8. Lessons for Knowledge Transfer

This argument matters for knowledge transfer because it provides judgments that are not “over-summarized” when extracting tacit knowledge and transferring knowledge.

  1. Leave the original case: In addition to the general theory of experts, leave specific examples, failures, and exceptions.
  2. Keep the original narrative: Do not replace with standard terminology first. Habits of phrasing and metaphors are often clues for judgment.
  3. Separate clues and conclusions: Record what you saw and what led you to that conclusion separately from your conclusion.
  4. Don’t force people to say what they can’t say: Forcible formalization actually lowers the quality of judgment.
  5. Verify in practice: Documented rules have meaning only when they are used in the field. The important lesson here is that increasing explainability and flattening practical knowledge are not the same thing. In Polanyi’s terms, when knowledge loses its support, it also loses its object. In Tractatus terms, philosophical confusion begins the moment you feel like explaining beyond the limits of what can be said. Source note: The knowledge-transfer lessons are interpretations from Polanyi’s The Tacit Dimension and Tractatus Wikisource. “Do not over-summarize” here is not a single word in the original text, but a secondary design lesson.

9. Risks/Limitations

There are three pitfalls to this comparison. First, Polanyi is reduced to a story of “knowledge that cannot be expressed in some way.” Second, the “shown” of Tractatus is short-circuited with tacit knowledge. Thirdly, by including Wittgenstein’s theory of language games in his later years, he obscures the points discussed in his earlier period. This paper is an attempt to separate the commonalities and differences between primary literature and major interpretive literature. Therefore, it does not cover detailed literary history or rigorous comparison of translation differences. Source note: See Wikisource for the primary source of Tractatus Logico-Philosophique, and Wittgenstein in SEP for the context of later Wittgenstein. On the Polanyi side, see Polanyi Society and The Tacit Dimension.

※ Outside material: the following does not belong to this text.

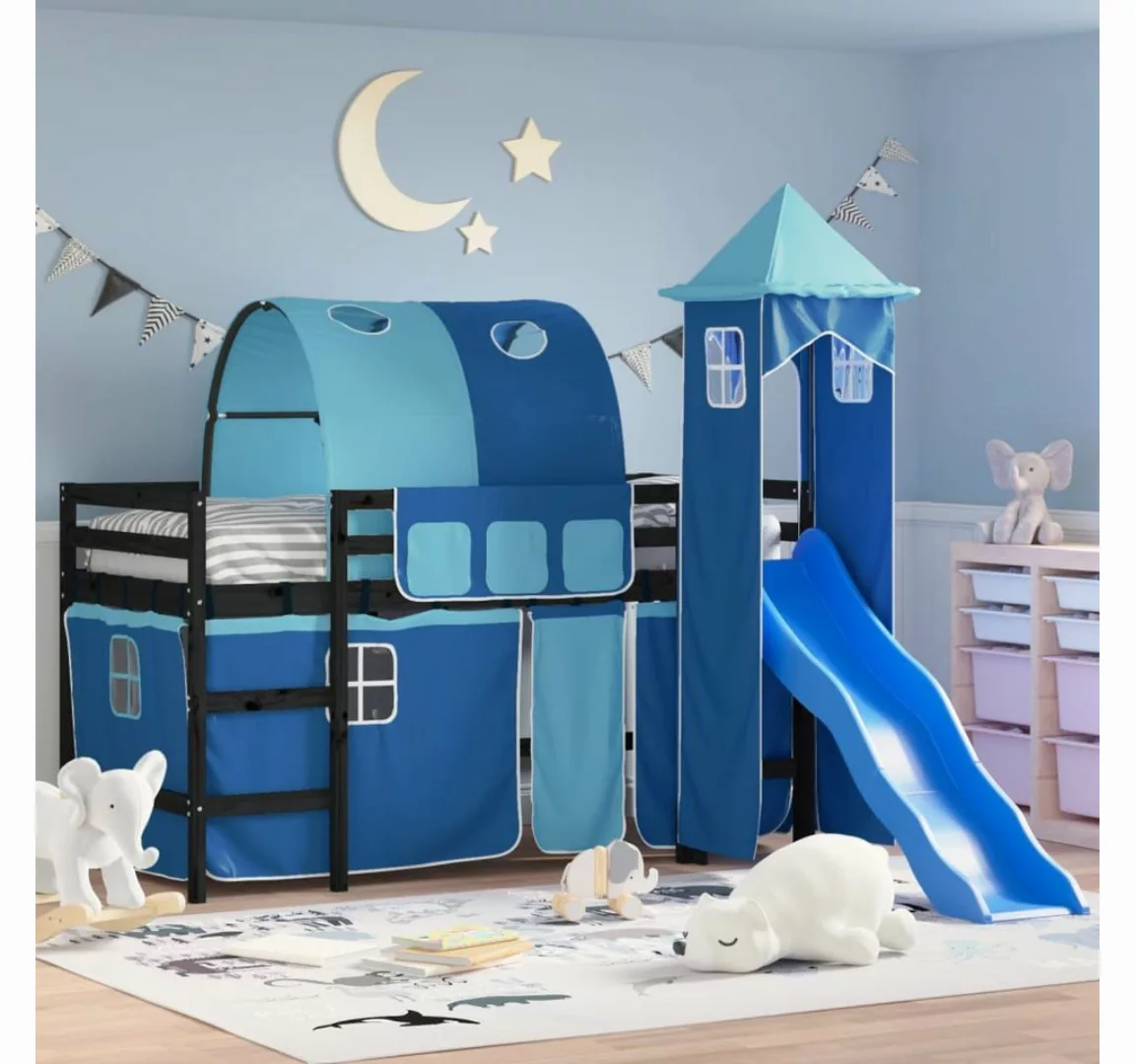 vidaXL Kinderbett Kinderhochbett mit Turm Blau 80x200 cm Massivholz Kiefer günstig online kaufen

When using these two in practice or research, it is best to handle them in the following order.

  1. First, check with Polanyi the internal structure of the act of knowing.
  2. Next, use the Tractatus to check the limits of what can be said.
  3. On top of that, we should not easily equate the two, but instead place the common point in “sensitivity to background conditions” and the difference in “the purpose of the theory.”
  4. Finally, in knowledge transfer and documentation, leave cases, clues, scenes, and exceptions rather than summaries. By following this order, it is easy to avoid revering tacit knowledge as a “mystery that cannot be explained” or misunderstanding that “everything can be written into a manual.” Source note: The above is an integrated arrangement based on Polanyi’s The Tacit Dimension, Polanyi Society’s The Structure of Consciousness, Tractatus’ Wikisource, and SEP’s Wittgenstein.